216 A.D. 618 | N.Y. App. Div. | 1926
The third counterclaim should be struck out as not stating facts sufficient to constitute a cause of action. It is not only indefinite and uncertain, but is wholly lacking in allegations of fact which would warrant a recovery. The motion was timely so
Otherwise the order should be affirmed. The objection that counterclaims in tort are not properly interposed to a complaint in contract arises under section 278 of the Civil Practice Act and rule 109 of the Rules of Civil Practice, which must be read together. As the motion was not noticed within ten. days after the service of the answer, and in fact not until long after the reply was served (Civ. Prac. Act, § 282), the learned justice at Special Term properly overruled the objection on this ground.

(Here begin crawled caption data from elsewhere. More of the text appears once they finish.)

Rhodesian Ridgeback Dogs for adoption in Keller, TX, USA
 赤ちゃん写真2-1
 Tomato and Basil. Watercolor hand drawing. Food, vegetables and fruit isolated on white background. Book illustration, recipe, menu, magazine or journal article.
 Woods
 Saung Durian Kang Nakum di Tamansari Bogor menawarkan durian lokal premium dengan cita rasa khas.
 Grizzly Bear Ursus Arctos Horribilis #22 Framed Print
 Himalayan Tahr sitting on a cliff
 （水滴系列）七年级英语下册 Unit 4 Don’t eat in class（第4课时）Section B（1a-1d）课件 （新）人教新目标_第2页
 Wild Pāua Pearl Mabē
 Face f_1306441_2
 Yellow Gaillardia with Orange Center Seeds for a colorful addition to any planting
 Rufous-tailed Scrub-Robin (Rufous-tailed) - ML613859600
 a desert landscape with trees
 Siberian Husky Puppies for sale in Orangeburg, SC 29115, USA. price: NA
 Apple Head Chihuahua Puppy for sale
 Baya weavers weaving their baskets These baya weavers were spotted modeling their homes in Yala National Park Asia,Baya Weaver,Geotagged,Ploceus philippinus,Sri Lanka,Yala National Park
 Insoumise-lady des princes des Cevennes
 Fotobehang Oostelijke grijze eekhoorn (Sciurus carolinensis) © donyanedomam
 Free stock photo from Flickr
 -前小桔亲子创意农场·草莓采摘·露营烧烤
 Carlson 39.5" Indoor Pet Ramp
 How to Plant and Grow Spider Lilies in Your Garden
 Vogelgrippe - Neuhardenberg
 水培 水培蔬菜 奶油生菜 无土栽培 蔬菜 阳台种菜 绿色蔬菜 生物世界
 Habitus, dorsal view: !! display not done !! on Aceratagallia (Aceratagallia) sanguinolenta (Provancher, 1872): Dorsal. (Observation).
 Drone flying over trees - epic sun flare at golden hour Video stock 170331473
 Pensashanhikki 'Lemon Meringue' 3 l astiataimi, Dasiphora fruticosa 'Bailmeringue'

Assuming that a motion for summary judgment under rule 113 of the Rules of Civil Practice may properly be made where the answer includes a counterclaim (Chelsea Exchange Bank v. Munoz, 202 App. Div. 702), such motion was properly denied in this instance because the reply failed to allege the affirmative defense of accord and satisfaction which plaintiff’s motion papers disclose as the basis of his claim for the denial to defendant of relief on the first and second counterclaims. (Reilly v. Barrett, 220 N. Y. 170; Habrich v. Donohue, 51 App. Div. 375.) This defense is not open to the plaintiff without an amendment of his reply.
The order should be modified to provide for the striking out of the third counterclaim, and as modified affirmed, without costs.
All concur. Present — Hubbs, P. J., Clark, Davis, Sears and Taylor, JJ.
Order modified by striking out the third counterclaim and as so modified affirmed, without costs of this appeal to either party.